しかし人間は純粋な奇跡を目の当たりにして感動するのではない。
そこには奇跡的な『思い』がしっかりと手の届く範囲に置かれてあるからこそ、人間は感動するのである。
つまり、リアルドールは形を変えた男の思い、優しさそのものなのである。
芸術家が自分の作品に思いを投入するように、男もまた、自らの思い、優しさを
間接的な形でリアルドールに投入する。
一見B級映画になりかねないこの設定を監督、役者、スタッフ陣が
大事に大事に繊細に描いたことによって、この作品は奇跡的に生まれたのである。
また、ある老女は最愛の夫に先立たれ、生きる希望を無くしかけていた。
そんな中、仲間に勧められた刺繍を通して、
昔、自分が抱いていた夢…自分の刺繍で作られた下着を売る…ランジェリーショップを持つこと、を思い出し、
新たな一歩を踏み出していく。しかし、その夢もまた大きな障害にぶち当たる。
元来、保守的な村でランジェリーショップなんてはしたない!という保守派政党の声、
そして村中からの冷たい視線、、、しかし、老女の思いを込めた優しい刺繍は徐々に村中を虜にし、
しまいには村の外まで評判が広がっていくという奇跡。
老女が紡ぎだす優しい刺繍は下着という表面価値を超越し、
純化した優しさと成りえたからこそ、村中、そして村の外までも広がる奇跡を生み出した。

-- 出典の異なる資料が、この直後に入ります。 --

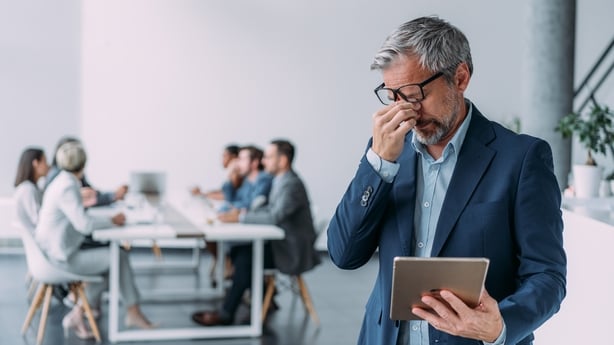 Shot of a overworked businessman standing in front of his team and using digital tablet. Portrait of stressed businessman standing with his colleagues working in background.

これもまた、直接的ではない、優しい刺繍という間接的な『思い』が奇跡的ドラマを生み出したのである。
よって、今回の2本立ては、奇跡が求めずして起こる神秘だとするなら、
奇跡的な出来事はきっと間接的媒体を通して『起こす』ものだと教えてくれる。
そして奇跡的な出来事はそっと我々の近くに寄り添い、優しさの温度を伝えてくれるのである。
(アセイ)
マルタのやさしい刺繍
DIE HERBSTZEITLOSEN
(2006年 スイス 89分 ビスタ・SR)
2009年6月20日から6月26日まで上映
■監督 ベティナ・オベルリ
■脚本 サビーネ・ポッホハンマー
■出演 シュテファニー・グラーザー/アンネマリー・デューリンガー/ハイジ=マリア・グレスナー/モニカ・グプサー/ハンスペーター・ミュラー=ドロサート
遅咲きの乙女たちが紡ぎだす、
とびっきりハートウォーミングな希望の輪。
スイスの小さな村・トループに住む80歳のマルタは、最愛の夫に先立たれ生きる気力をなくし、意気消沈の毎日を過ごしていた。ある日、破けてしまった村の合唱団の団旗を修復する仕事を頼まれたマルタは戸惑いながらも引き受け、早速友人のリージ、フリーダ、ハンニとともに首都ベルンの生地屋へ出かける。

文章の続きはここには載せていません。